Using Free Resources to Prepare Data for Training Object Detection Models with NVIDIA TAO Toolkit

Using Free Resources to Prepare Data for Training Object Detection Models with NVIDIA TAO Toolkit

Object detection is a crucial component of computer vision. NVIDIA’s Train Adapt Optimize (TAO) Toolkit, a Python-based AI toolkit, allows users to train, fine-tune, prune, and export AI models, customized with their own data. NVIDIA supports its users by providing helpful sample Python notebooks, such asdetectnet_v2.ipynb(REF). DetectNet_v2 is an object detection model within TAO, and it requires training data in KITTI format.

This article is dedicated to providing a guide on how to prepare KITTI training data by utilizing free resources, thus empowering users to leverage their own datasets effectively with NVIDIA TAO Toolkit.

KITTI Format

Using the KITTI format requires data to be organized in this structure (REF):

  • The images directory contains the images to train on.
  • The labels directory contains the labels to the corresponding images.

It’s essential to ensure that each image and its corresponding label share the same file ID (name) before the file extension. This is critical as the image to label correspondence is maintained using this file name. (REF)

We will first discuss using CVAT (Computer Vision Annotation Tool) to annotate videos and generate the label files in KITTI format. Following that, we will introduce a Python script for generating image files that correspond to these labels. Finally, we’ll discuss additional steps required for processing both the label and image files, making them compatible with NVIDIA’s TAO Toolkit.

Generate Label Files using CVAT

To prepare your training data, start by annotating your videos, and for this purpose, we choose to use CVAT (Computer Vision Annotation Tool), which is an open-source web-based tool designed for the annotation of images and videos for computer vision algorithms. CVAT allows you to annotate your own images or videos and download these annotations in various formats, including the KITTI format.
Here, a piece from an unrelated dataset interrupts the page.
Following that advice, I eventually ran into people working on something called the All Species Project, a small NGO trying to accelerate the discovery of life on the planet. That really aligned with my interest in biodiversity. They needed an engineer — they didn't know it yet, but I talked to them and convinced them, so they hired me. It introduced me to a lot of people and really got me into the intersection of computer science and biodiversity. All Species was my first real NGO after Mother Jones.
After completing the annotation process on the CVAT platform, you can export these annotations by navigating to the “Actions” menu in your task and clicking on “Export task dataset”. From there, select “KITTI 1.0” as your export format from the dropdown list.

CVAT offers different levels of access and pricing plans, catering to users with different needs. The Free plan is a good starting point. However, it’s important to note that under the free plan, only the annotation labels can be downloaded, not the image files. Therefore, when using CVAT to annotate a video, you’ll need to independently convert your video into a series of image files for a complete KITTI dataset.

Generate Image Files

To create a complete dataset in the KITTI format, we developed the a Python script to convert your video file into a series of image files.

import cv2
import os

# Path to your MP4 file
video_path = '/home/user/test1.mp4'

# Directory to save the frames
frames_dir = '/home/user/my_project/images'
os.makedirs(frames_dir, exist_ok=True)

# Create a VideoCapture object
cap = cv2.VideoCapture(video_path)

frame_number = 0
while True:
    # Read frame
    ret, frame = cap.read()

    # Break the loop if there are no more frames
    if not ret:
        break

    # Save each frame as an image
    frame_number_str = str(frame_number).zfill(6)
    frame_path = os.path.join(frames_dir, f'frame_{frame_number_str}.png')
    
    cv2.imwrite(frame_path, frame)

    frame_number += 1

# Release the VideoCapture object
cap.release()
print(f'Frames extracted to {frames_dir} directory.')        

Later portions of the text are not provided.